Does Absence make the Heart grow Fonder?

For those who have tuned into my blog site looking for daily inspiration and sadly found an empty apologies. I was in London all day yesterday in and out of meetings and had to catch up on sediting my second book in the "Temporal Detective Agency" series Trouble with Swords (name dropping advertiser that I am!). By the way it's definitely a series now, because there's two of them! Books that is!
So here I am, back at the blogging keyboard before I have to do some ironing (yes, I do the ironing) and make the tea. What shall we talk about?
Absence? Good idea!
If absence makes the heart grow fonder, what is about the absence that creates the fondness? I can accept that if you expect something to happen or a person to be in a particular place...but there's a big hole then the heart might skip a beat and you miss whatever / whoever should have been there, because they're not. Or maybe it's a feeling of being miffed.

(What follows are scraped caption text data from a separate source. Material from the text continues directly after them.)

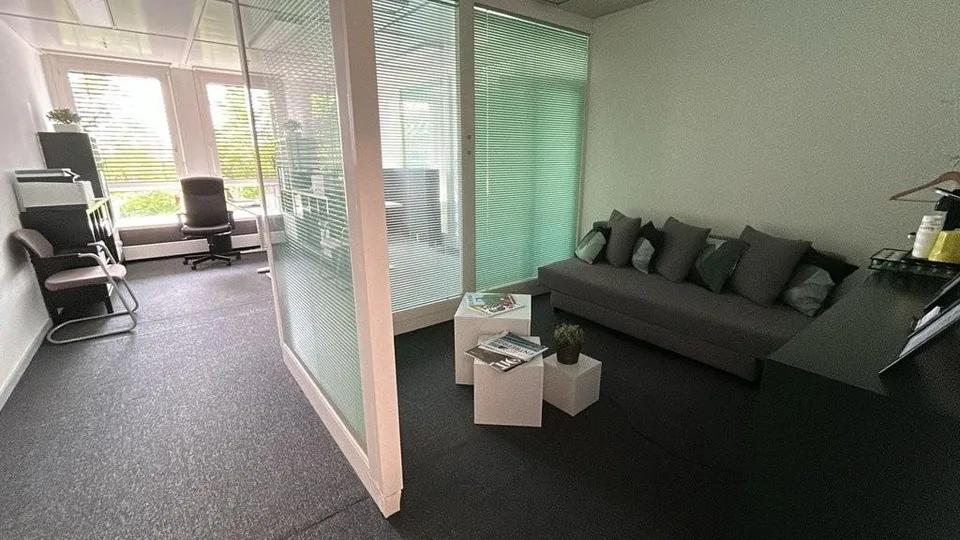 Surface Bureau 60 m2 - 3ème étage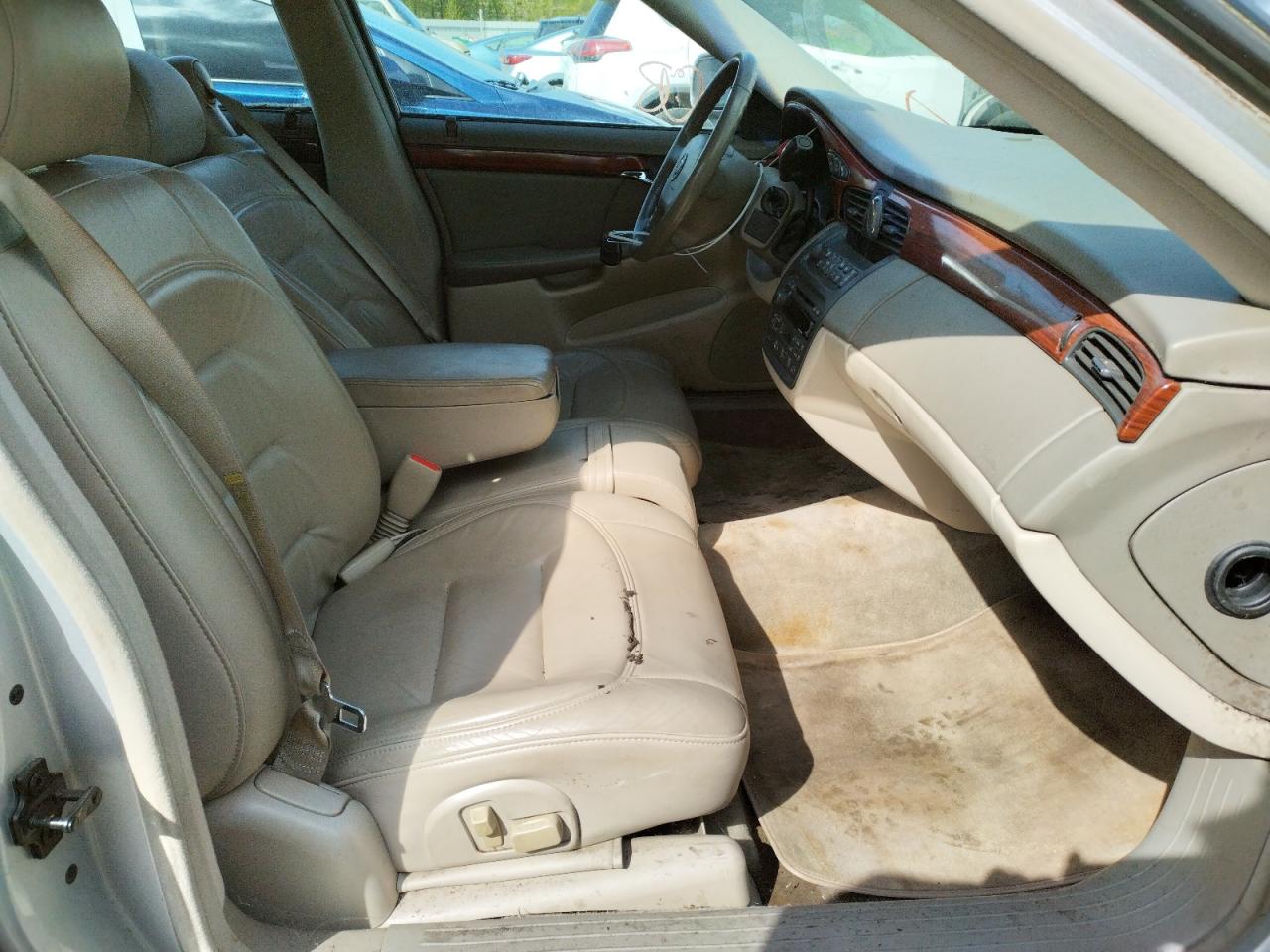 Photo 5 from auction – 2002 CADILLAC DEVILLE with VIN 1G6KD54Y02U109664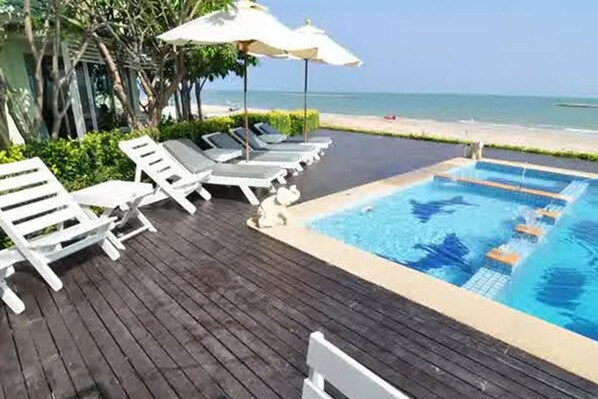 Utendørsbasseng, bassengparasoller og solsenger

It could also be down to the two types of memory. Short and long term. From experience (unfortunately) as we get older the short term memory seems to be less and less accurate, whereas we can remember what happened 25 years ago as clear a crystal. I can understand therefore why we might increase our fondness the more an absence transfers into our long-term memory. Equally the pain of  recent separation can be acute, but almost always moves from sorrow into a phase of remembering the good times. The longer the absence then the heart does become fonder.
It might explain why young people see potentially minor happenings as major catastrophies. They haven't yet lived enough years for bad events to have passed into the longer-term memory and be filtered, so everything is climactic.
A quick blog post, and again my apologies to those who logged in earlier. I will blog over the weekend as I dodge between street parties and visiting royals.
Have a great Jubilee Weekend holiday!